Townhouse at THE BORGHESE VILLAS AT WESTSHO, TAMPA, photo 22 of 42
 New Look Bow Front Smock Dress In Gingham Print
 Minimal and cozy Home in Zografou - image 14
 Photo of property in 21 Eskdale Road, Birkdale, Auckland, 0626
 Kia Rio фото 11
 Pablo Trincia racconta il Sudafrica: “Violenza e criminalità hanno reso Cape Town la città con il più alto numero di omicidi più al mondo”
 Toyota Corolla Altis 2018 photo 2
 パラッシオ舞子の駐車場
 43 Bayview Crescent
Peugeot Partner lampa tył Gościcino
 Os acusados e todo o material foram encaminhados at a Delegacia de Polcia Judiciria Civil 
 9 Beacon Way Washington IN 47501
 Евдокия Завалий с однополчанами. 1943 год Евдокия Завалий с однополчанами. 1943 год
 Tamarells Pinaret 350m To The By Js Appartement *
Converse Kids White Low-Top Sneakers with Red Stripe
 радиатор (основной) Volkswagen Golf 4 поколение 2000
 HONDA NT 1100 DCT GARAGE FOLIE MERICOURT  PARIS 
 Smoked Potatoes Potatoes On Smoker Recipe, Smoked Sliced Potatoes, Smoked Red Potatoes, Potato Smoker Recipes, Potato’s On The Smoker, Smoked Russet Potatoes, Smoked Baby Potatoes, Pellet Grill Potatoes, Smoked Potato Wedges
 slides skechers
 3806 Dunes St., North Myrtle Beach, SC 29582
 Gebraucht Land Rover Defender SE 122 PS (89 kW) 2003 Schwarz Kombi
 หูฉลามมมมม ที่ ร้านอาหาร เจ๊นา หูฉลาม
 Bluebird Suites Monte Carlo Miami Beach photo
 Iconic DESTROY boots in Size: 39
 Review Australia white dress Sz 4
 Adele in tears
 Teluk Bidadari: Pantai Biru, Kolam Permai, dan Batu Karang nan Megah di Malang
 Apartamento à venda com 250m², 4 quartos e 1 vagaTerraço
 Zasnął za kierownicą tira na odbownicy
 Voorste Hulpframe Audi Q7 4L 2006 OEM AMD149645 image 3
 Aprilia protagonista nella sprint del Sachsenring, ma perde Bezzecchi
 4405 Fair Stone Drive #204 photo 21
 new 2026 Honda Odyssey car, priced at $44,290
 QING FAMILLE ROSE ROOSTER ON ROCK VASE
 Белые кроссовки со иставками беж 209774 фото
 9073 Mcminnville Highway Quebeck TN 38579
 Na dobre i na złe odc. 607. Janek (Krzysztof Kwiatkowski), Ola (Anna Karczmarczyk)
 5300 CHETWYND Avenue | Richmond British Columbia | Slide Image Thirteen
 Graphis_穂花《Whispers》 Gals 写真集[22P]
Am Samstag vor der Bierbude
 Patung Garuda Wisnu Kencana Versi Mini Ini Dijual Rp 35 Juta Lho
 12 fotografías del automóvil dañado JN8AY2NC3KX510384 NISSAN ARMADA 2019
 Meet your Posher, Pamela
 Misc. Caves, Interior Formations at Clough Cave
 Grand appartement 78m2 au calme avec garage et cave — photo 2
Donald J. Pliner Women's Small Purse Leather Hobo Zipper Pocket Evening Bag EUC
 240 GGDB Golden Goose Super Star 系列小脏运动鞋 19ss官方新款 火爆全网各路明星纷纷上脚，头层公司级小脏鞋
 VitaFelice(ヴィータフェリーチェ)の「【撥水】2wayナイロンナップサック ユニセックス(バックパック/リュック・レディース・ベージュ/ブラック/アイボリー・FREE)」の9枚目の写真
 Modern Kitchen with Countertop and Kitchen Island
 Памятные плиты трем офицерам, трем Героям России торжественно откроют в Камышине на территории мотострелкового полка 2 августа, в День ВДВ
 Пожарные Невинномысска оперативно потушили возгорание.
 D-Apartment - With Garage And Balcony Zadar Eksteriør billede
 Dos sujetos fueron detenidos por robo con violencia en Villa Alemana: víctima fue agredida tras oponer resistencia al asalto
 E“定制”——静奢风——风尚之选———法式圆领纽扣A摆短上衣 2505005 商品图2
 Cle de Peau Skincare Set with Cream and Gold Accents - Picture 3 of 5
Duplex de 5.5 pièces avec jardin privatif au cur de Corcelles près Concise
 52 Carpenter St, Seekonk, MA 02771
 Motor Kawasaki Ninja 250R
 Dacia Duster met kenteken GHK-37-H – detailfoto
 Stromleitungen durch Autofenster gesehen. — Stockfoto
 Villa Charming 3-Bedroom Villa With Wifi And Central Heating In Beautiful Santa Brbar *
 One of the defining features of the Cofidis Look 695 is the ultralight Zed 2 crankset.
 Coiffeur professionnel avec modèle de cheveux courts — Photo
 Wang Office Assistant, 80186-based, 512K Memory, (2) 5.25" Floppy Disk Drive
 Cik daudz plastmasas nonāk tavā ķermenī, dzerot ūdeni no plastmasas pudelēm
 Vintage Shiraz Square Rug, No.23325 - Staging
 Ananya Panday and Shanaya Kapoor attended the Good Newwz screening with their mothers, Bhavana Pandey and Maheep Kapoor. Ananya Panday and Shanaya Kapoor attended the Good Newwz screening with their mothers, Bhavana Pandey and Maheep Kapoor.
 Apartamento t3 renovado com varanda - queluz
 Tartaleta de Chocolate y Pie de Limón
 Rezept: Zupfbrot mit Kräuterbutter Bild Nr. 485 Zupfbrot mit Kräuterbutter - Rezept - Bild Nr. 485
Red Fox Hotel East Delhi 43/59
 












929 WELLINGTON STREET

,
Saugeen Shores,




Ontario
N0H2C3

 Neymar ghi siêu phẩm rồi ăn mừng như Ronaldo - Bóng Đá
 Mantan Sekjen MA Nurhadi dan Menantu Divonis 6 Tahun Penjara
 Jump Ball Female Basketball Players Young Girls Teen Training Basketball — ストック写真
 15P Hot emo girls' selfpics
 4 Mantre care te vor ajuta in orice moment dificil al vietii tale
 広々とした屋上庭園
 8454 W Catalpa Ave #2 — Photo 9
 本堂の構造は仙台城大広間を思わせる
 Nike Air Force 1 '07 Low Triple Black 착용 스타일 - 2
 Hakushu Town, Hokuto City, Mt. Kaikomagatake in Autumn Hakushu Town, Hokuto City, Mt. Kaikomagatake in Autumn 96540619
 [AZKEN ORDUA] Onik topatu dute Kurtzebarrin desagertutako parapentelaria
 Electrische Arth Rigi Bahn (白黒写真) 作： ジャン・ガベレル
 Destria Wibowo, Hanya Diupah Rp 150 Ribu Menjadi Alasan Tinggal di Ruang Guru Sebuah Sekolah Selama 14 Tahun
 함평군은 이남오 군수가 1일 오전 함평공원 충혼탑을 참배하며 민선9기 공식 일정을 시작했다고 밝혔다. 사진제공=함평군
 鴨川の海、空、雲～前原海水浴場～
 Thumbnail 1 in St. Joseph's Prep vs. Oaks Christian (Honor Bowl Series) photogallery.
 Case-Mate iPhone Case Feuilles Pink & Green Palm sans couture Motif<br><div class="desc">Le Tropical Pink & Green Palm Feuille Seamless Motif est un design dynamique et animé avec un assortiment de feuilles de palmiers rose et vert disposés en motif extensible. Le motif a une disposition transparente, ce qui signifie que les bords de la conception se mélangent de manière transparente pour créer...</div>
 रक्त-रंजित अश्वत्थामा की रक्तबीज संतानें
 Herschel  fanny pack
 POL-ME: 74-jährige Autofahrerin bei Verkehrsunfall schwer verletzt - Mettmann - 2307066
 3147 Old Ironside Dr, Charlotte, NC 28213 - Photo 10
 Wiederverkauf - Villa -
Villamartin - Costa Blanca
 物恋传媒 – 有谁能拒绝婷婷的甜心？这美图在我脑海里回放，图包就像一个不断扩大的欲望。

**Directions for this task**
Looking at the entries above, how many lines contain "Apartamento"? State the number and nothing more.

**Answer to the exercise**
2